The same is true for my recordings and you know what? I got motivated to record not only myself but also convinced my sisters to let me record them playing the piano and make a CD for our grandma with just 6 songs. I could easily add one of the songs I had recorded and wow - never thought that could be possible!!!
pixabay.com
The only thing I can tell you if you have a dream is to make one first step in any little way towards it - one where you can overcome your fear. If it's just to record you playing the drum on your cell phone and only listening to it yourself, that's fine. Next time you might share it with a close friend.
What really is important is that you choose a goal for yourself so you get to do it. Otherwise you'll push it away for later and never do it. Take 4 weeks, set some really easy goals and let yourself get inspired!!!
Make sure to check in here again during the week to see pictures from our trip to Bavaria!!!
I'm preparing for a trip to Germany at the moment, but I also found my motivation again to work out. Maybe I'll even find a way to work out while I'm on the road - I'll update of course here ;-)

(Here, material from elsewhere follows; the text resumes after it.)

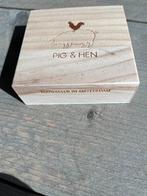 Pig&Hen armband Heren, Enlèvement, Neuf, Vert, Autres matériaux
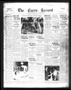 Newspaper: The Cuero Record (Cuero, Tex.), Vol. 45, No. 163, Ed. 1 Thursday, Jul…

In lack of a gym nearby I do some bodyweight exercises like push ups, squats, lunges, planks etc. Of course, I reduce the movements so I can do them in good form. If somebody is ready that has no idea what this might look like, here are some examples:
Instead of push ups on the floor I do wall push ups (yes, just standing in front of a wall).
Instead of lunges I do split squats:
After doing 4 times the "level 1" workout, I now switch to "level 2", adding some more repetitions and I'm really looking forward to it. So, before lunch, I'll head over to it - I hope to do a more detailed update of my fitness challenge.